-------- RECORDED DATA

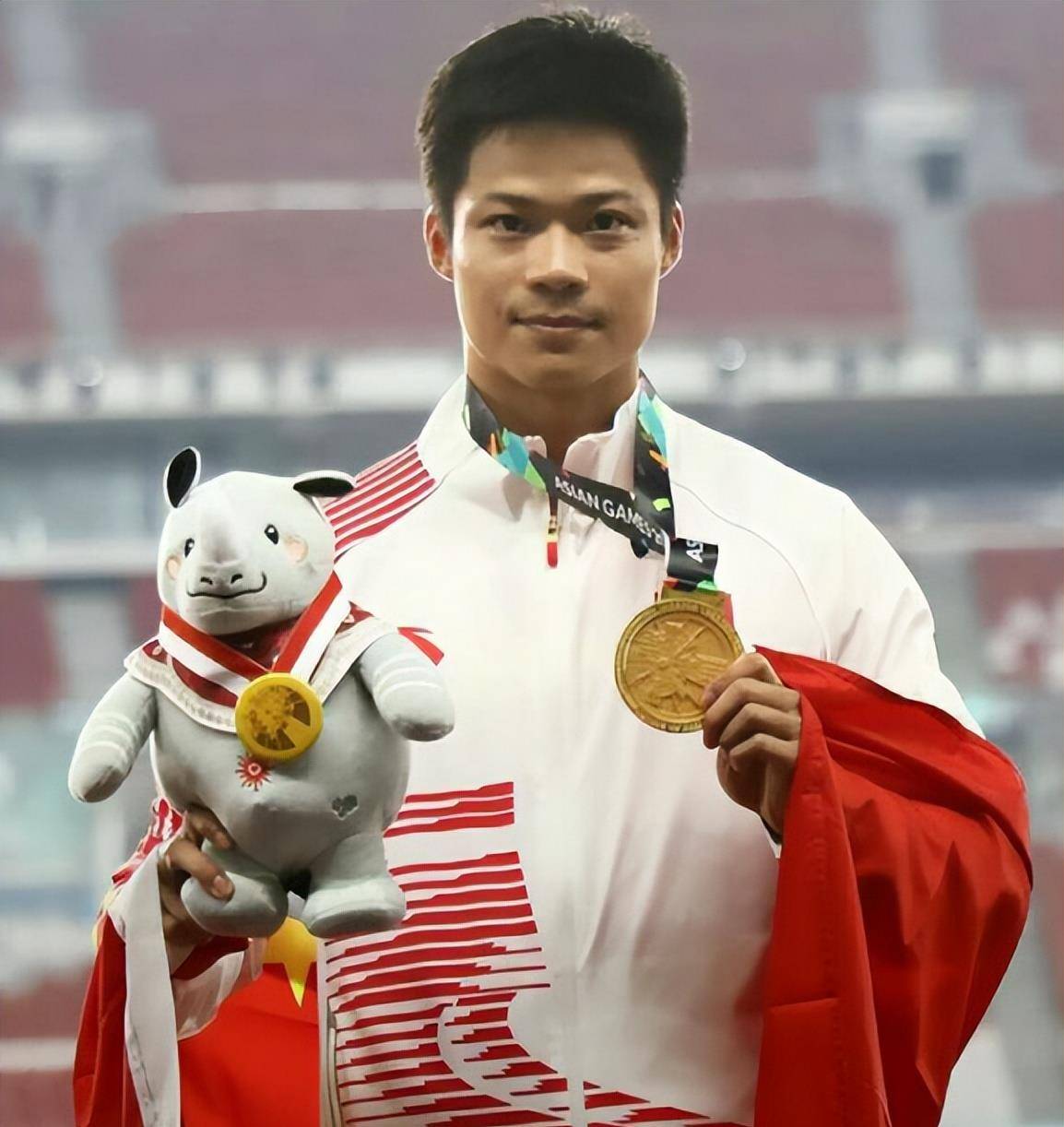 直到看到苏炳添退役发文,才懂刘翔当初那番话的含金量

----------------
-------- RECORDED DATA

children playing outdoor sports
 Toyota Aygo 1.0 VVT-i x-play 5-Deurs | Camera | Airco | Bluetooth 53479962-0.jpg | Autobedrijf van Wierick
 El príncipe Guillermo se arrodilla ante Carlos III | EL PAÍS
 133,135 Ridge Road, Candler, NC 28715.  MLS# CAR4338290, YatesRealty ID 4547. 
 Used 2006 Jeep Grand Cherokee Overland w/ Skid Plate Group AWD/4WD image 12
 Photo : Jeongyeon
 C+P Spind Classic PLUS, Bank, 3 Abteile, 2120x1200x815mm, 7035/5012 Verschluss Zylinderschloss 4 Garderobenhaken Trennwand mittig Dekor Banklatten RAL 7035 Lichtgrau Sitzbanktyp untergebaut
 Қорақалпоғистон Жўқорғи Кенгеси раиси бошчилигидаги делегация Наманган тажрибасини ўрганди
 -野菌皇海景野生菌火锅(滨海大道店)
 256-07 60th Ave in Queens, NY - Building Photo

----------------
-------- RECORDED DATA

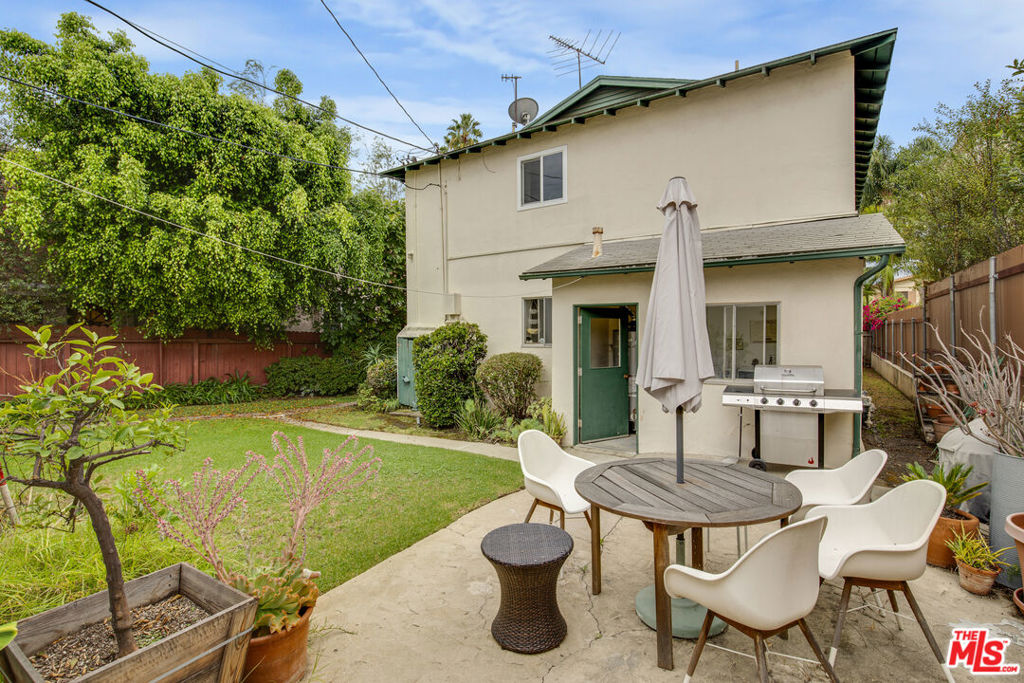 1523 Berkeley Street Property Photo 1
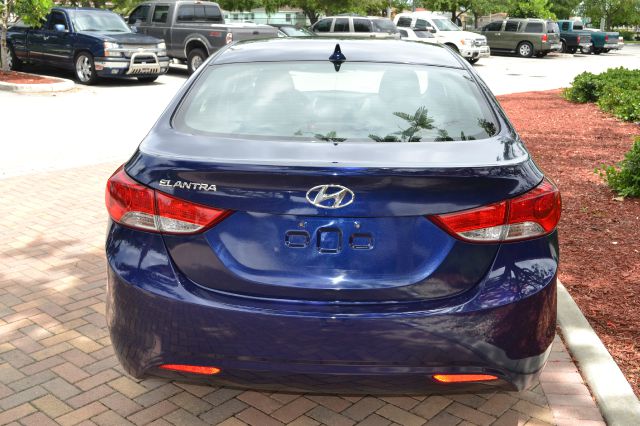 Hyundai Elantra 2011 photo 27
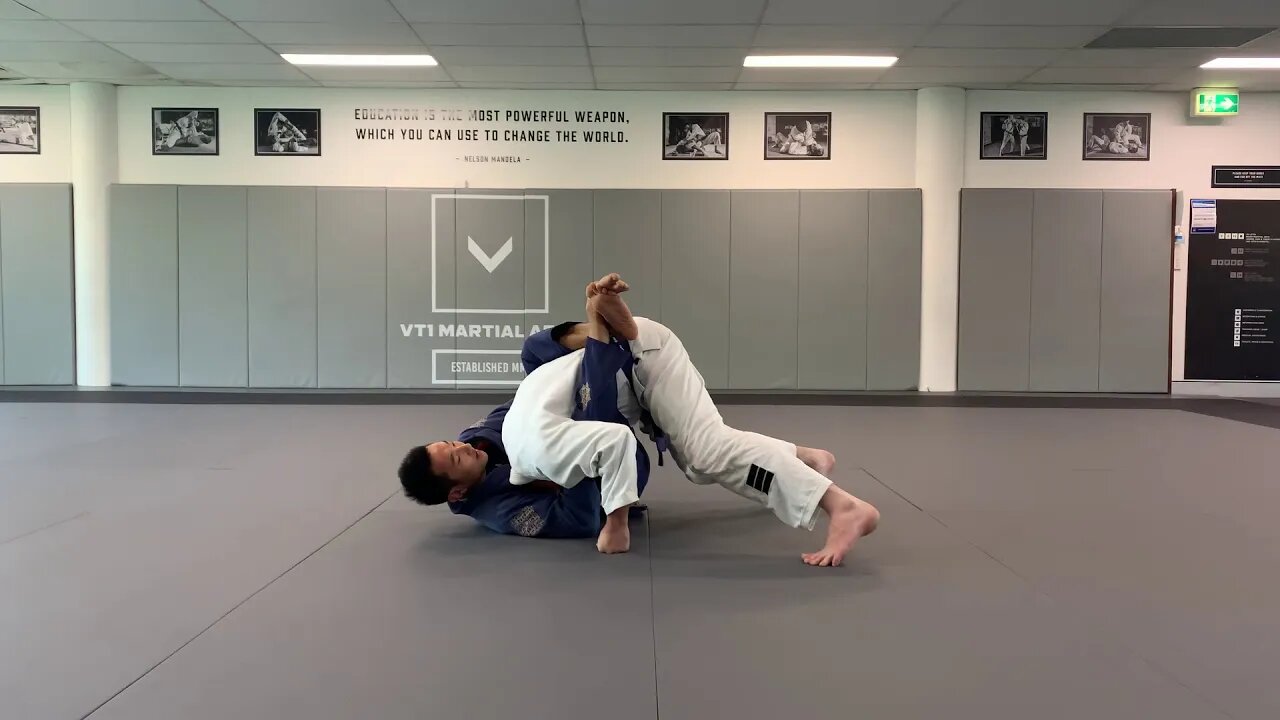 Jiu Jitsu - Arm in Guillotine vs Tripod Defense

----------------

> [ACTIVITY]: Could you restate word for word the lines above from the one containing "C+P Spind Classic" through the one containing "256-07 60th Ave", both included, and nothing else?

> [REPLY TO THE EXERCISE]:
 C+P Spind Classic PLUS, Bank, 3 Abteile, 2120x1200x815mm, 7035/5012 Verschluss Zylinderschloss 4 Garderobenhaken Trennwand mittig Dekor Banklatten RAL 7035 Lichtgrau Sitzbanktyp untergebaut
 Қорақалпоғистон Жўқорғи Кенгеси раиси бошчилигидаги делегация Наманган тажрибасини ўрганди
 -野菌皇海景野生菌火锅(滨海大道店)
 256-07 60th Ave in Queens, NY - Building Photo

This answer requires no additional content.